The first stop was at the childhood home of Laura’s husband, Almanzo Wilder, just outside of the town of Malone, New York. The Wilder Homestead isn’t the easiest attraction to find (they definitely need more road signs). However, the grounds and tour more than make up for the 30 minutes that we spent looking for the homestead. Our tour guide was very informative and engaging, giving us a comprehensive tour of the school house, barns, and house. We spent the most time in the recreated barns that house many artifacts from the time when the Wilder Family farmed in Upper-state New York. We were most impressed with the original house and the very large tree growing outside the front door. Several families have lived in the house since Almanzo and his family left, but the foundation is still original, and you can see the black spot that Almanzo made on the wall as described in the book Farmer Boy.
Our second stop was in the town of De Smet, South Dakota where Laura Ingalls’ family moved in 1879 when her farther Charles took a job with the railroad. The family stayed in De Smet and started a homestead. When visiting De Smet there are many historic sites to view including the cemetery where Pa, Ma, Mary, Carrie, and Grace Ingalls are all buried. For our tour of the area we decided to visit the original homestead that Pa started. There are five humongous cottonwood trees still standing today that Pa planted back in the 1880’s. From the homestead we walked a trail leading along the Silver Lake slough. We then headed into town to the Laura Ingalls Wilder Memorial Society where we were able to view the original Surveyors’ House that the family stayed in and Laura wrote about in her book The Long Winter.
There are many more historic sites to visit along the Ingalls Wilder Trail each with amazing history. Five of Hearts would love to visit where Laura lived near Walnut Grove, Minnesota as well as Rocky Ridge Farm where Laura and Almanzo lived in Missouri until their deaths. Until then we will keep enjoying the writings of Laura Ingalls Wilder.
We pushed up our departure day leaving Maine ahead of Hurricane Sandy. We were able to visit a very deserted Boston on Sunday and arrive in Connecticut with plenty of time to settle in with relatives and wait out the storm. As we received reports that our house back in Maine was being quickly advanced upon by the rising tide we watched the high winds in awe. By Tuesday morning the highway was reopened and we had a very somber drive towards New York City as we surveyed Sandy’s destruction. With the George Washington closed down we re-routed to the Tapenze and crossed the river just as a bit of sun produced a rainbow. Our New Jersey hotel had electricity even though it was just blocks away from badly hit areas. As we looked across at the skyline of New York City our thoughts were with all those who suffered from the storm.

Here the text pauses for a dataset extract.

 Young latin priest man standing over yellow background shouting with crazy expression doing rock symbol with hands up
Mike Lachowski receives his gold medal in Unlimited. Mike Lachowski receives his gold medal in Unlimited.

After leaving the Mystic Seaport we booked it to Hammonasset State Park in Madison, CT. We were lucky that they had a few campsites still open for the night. The campground was extremely clean with a great staff and extensive facilities including dishwashing sinks and recycling. We put off setting up the tent and opted to head to one of the three ocean beaches that are part of the park. It was after returning from the beach that we realized that all three kids had come down with a head cold and were all extremely tired and cranky. Needless to say it was a rough night that included crying, groaning and the occasional scream. Our camp neighbors must have been pleased when at 5am we threw in the towel, put the kids in the car, and hit the road. We had planned on making it to New York City and were greatful for the early head start but definitely could have used a little more sleep.

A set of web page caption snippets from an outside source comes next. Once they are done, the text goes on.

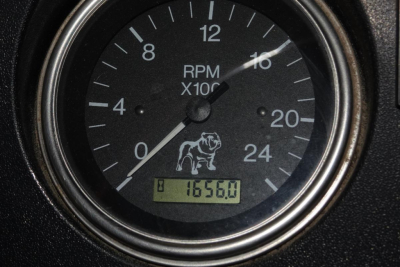 RPM gauge showing 0-20 x100 with dog graphic and digital odometer reading 16560.0 in a Mack RD RD688S dashboard."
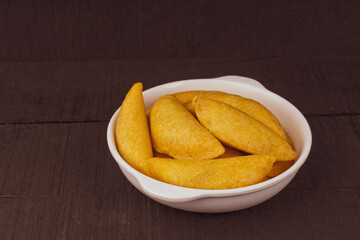 Colombian empanada with spicy sauce 
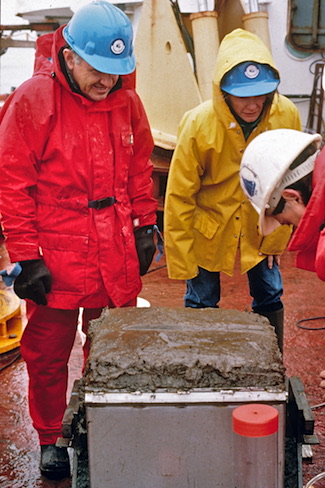 John and others in raingear inspect a box corer sample on the deck of a ship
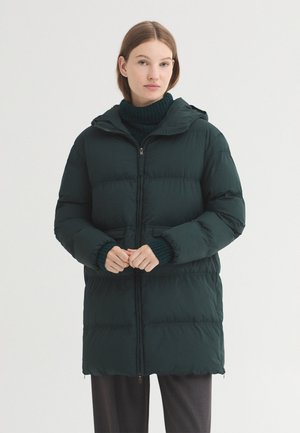 Femme debout portant une longue doudoune d'hiver vert foncé avec une capuche et un pull à col roulé sombre en dessous.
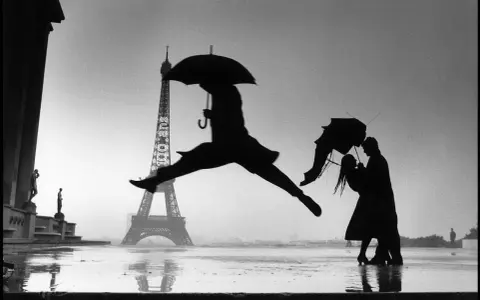 Parigi piovosa: un ballerino salta, una coppia si abbraccia sotto un ombrello. Un'iconica scena che ricorda i grandi fotografi famosi.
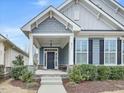 Inviting front porch with stone accents, seating and stylish exterior at 2013 Big Falls Dr, Wendell, NC 27591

All in all the drive through this highly congested stretch of Route 1 from Central Connecticut to New York City went pretty smoothly. We had planned on stopping for a break at the Rye, New York Nature Center only to find it occupied by day campers. Fortunately we found an alternate picnic site just down the road at the Post Road Market, where we refueled and had some great parking lot conversations with the friendly locals. From there we traversed straight through the Bronx and over the George Washington Bridge. The kids forgot about their stuffy noses as they took in the many sights and sounds from bodegas to street side protests. As always Five String gets major props for seemlessly navigating the Mazda5 through the twists and turns that finally spit us out at our New Jersey hotel. Not exactly the most memorable of days but one that nonetheless carried us a little further down Route 1.